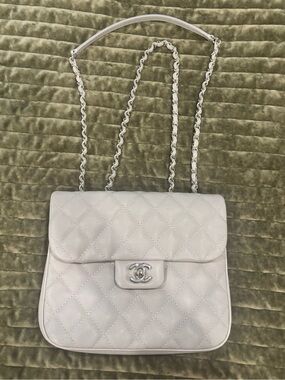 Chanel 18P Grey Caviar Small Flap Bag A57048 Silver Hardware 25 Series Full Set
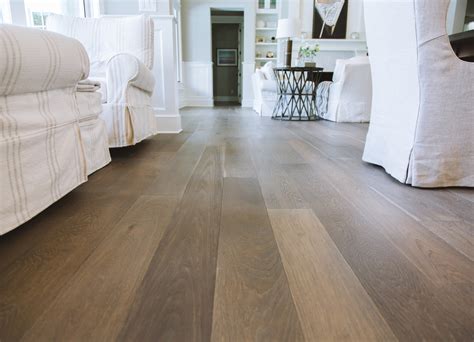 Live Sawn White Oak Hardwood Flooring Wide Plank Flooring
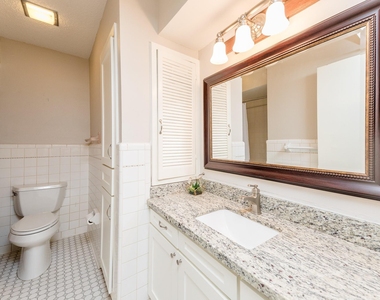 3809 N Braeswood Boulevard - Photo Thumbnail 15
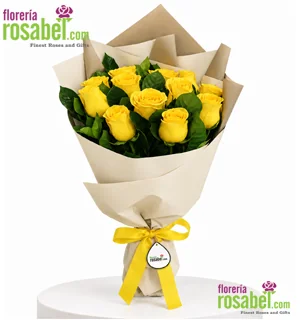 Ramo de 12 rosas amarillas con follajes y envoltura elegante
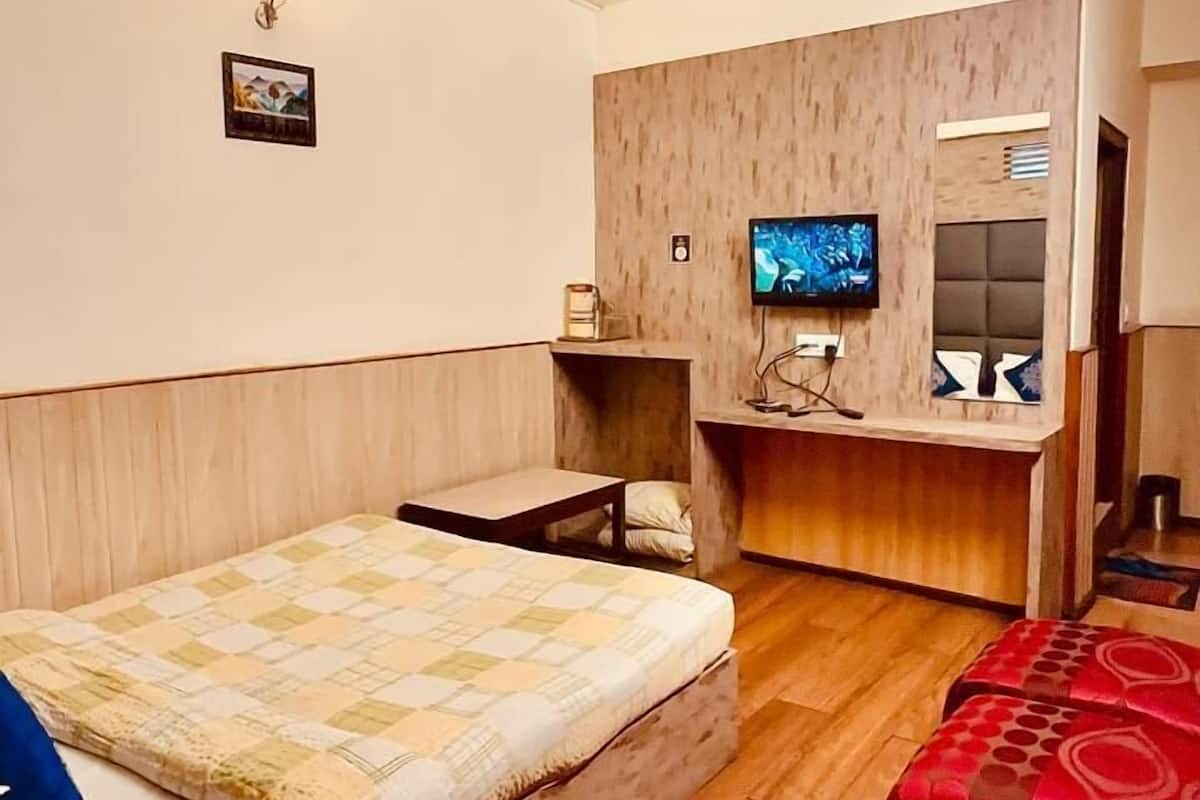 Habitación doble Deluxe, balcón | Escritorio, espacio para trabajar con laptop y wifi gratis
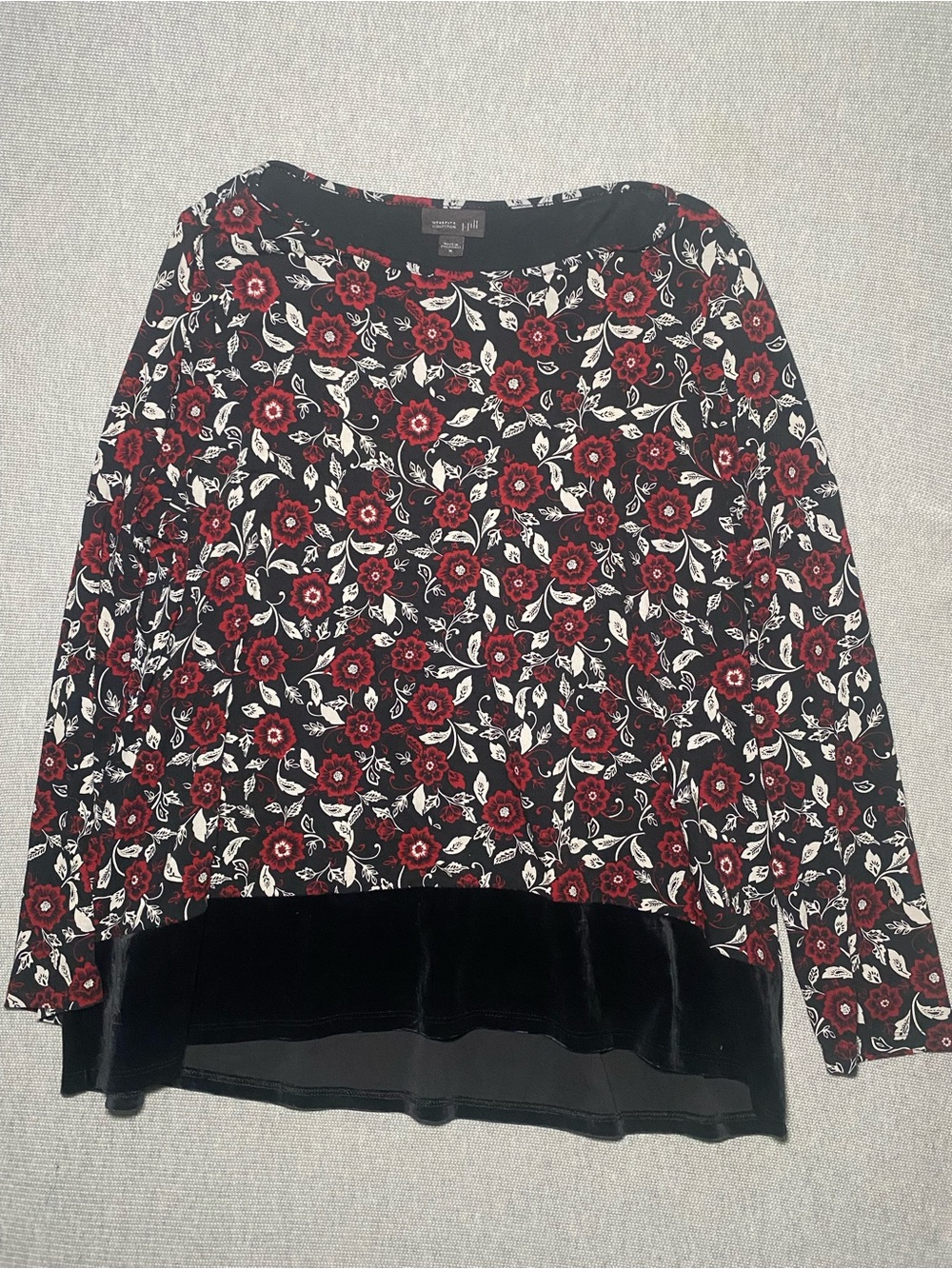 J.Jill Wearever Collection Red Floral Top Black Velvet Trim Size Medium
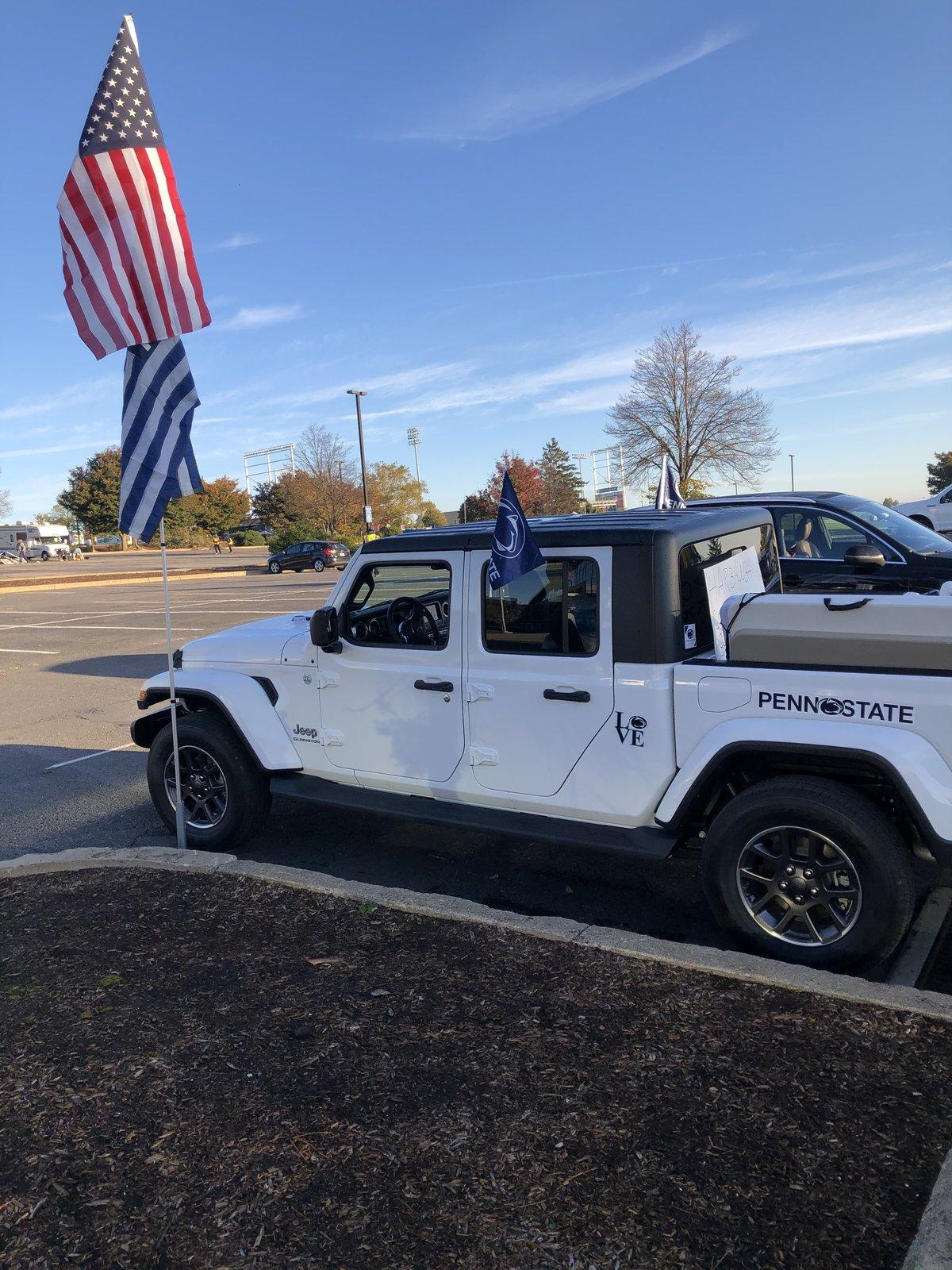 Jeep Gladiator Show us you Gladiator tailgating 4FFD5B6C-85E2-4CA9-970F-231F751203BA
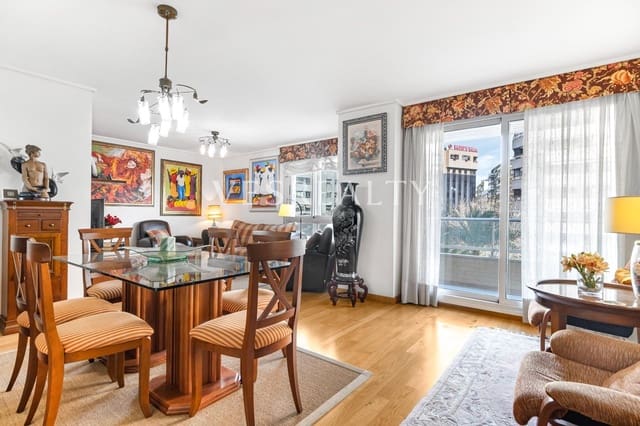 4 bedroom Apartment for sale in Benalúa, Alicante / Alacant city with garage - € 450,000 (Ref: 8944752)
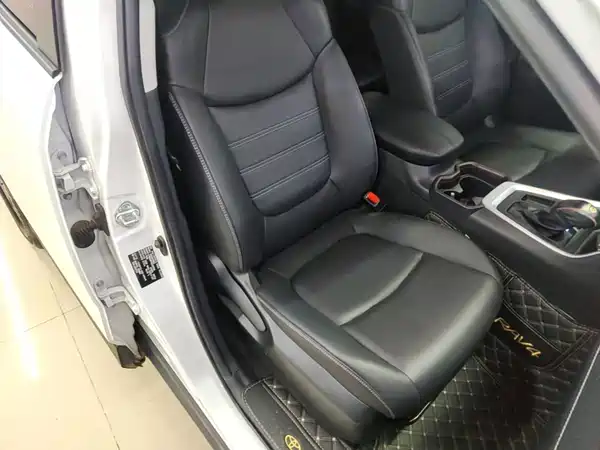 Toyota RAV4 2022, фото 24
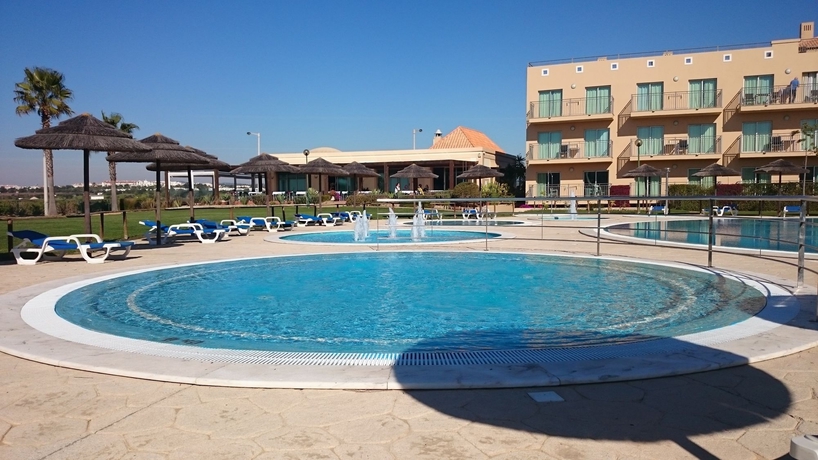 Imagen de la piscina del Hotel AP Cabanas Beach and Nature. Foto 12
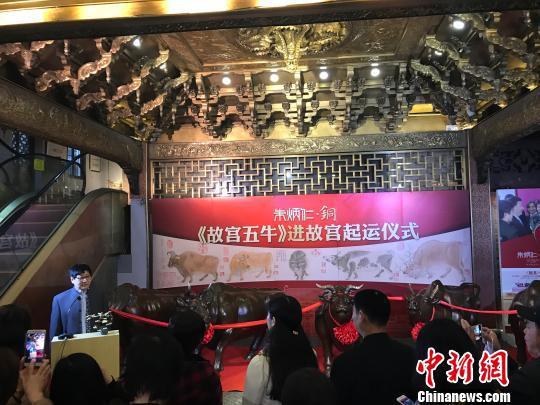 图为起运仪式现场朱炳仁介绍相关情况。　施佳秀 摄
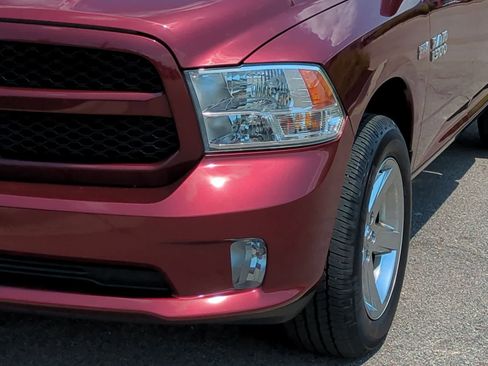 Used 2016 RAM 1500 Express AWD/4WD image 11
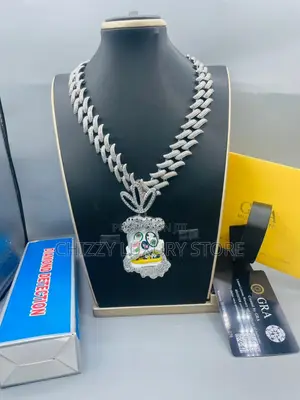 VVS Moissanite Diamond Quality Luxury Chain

**REQUIRED WORK**: Please set down exactly the lines from the first line of the data above through the line with "Habitación doble Deluxe, balcón", both included, leaving out the pictures.

**ANSWER AREA**:
 Chanel 18P Grey Caviar Small Flap Bag A57048 Silver Hardware 25 Series Full Set
 Live Sawn White Oak Hardwood Flooring Wide Plank Flooring
 3809 N Braeswood Boulevard - Photo Thumbnail 15
 Ramo de 12 rosas amarillas con follajes y envoltura elegante
 Habitación doble Deluxe, balcón | Escritorio, espacio para trabajar con laptop y wifi gratis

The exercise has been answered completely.